THE TASK
Print the line containing "Jupe-culotte taille haute, Gris, Patrizia" and all lines after it, unchanged, through the end of the data. Leave the pictures out.

STUDY MATERIAL
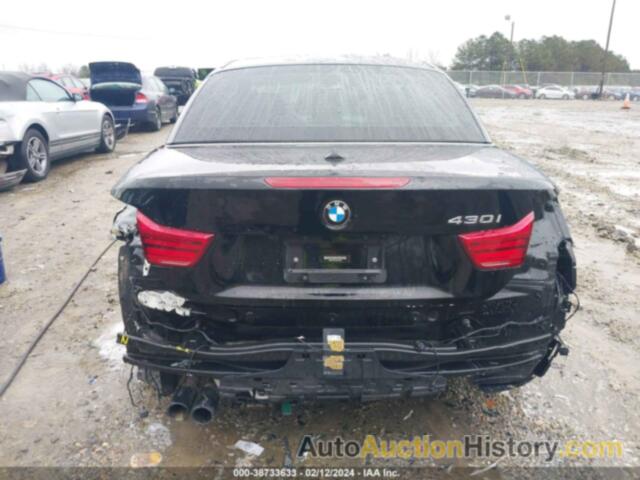 BMW 430I, WBA4Z1C51KEE51822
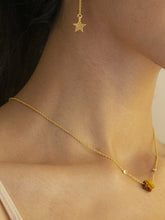 Load image into Gallery viewer, Freya Star Necklace JEWELLERY Noyra   
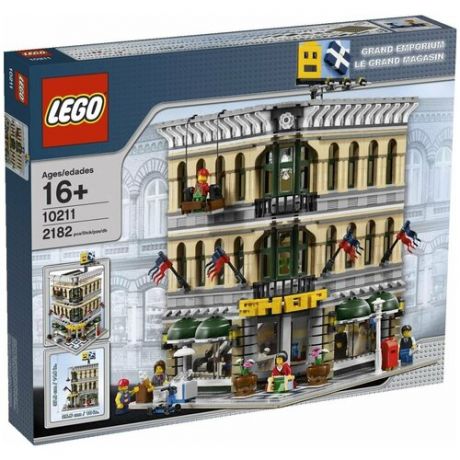 Lego Конструктор LEGO Creator 10211 Большой универмаг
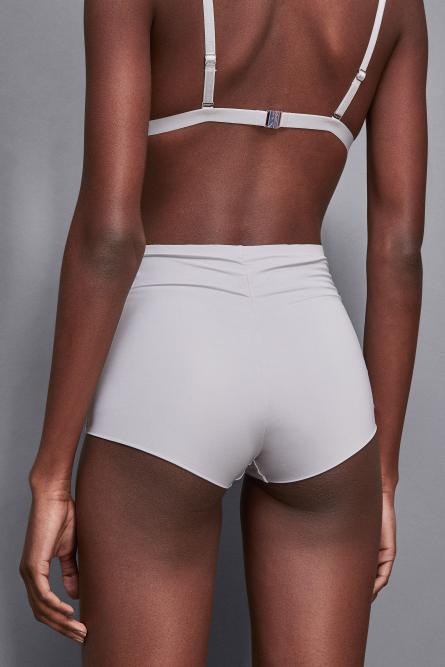 Jupe-culotte taille haute, Gris, Patrizia Pepe
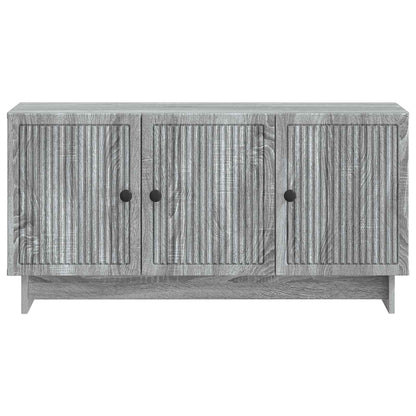 TV Cabinet 99 x 34.5 x 50 cm Grey Sonoma Engineered Wood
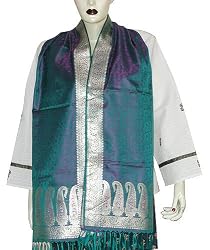 Ladies Scarf Premium Silk Exclusive Workmanship 22 x 72 inches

RESULT FOR THIS EXERCISE
 Jupe-culotte taille haute, Gris, Patrizia Pepe
 TV Cabinet 99 x 34.5 x 50 cm Grey Sonoma Engineered Wood
 Ladies Scarf Premium Silk Exclusive Workmanship 22 x 72 inches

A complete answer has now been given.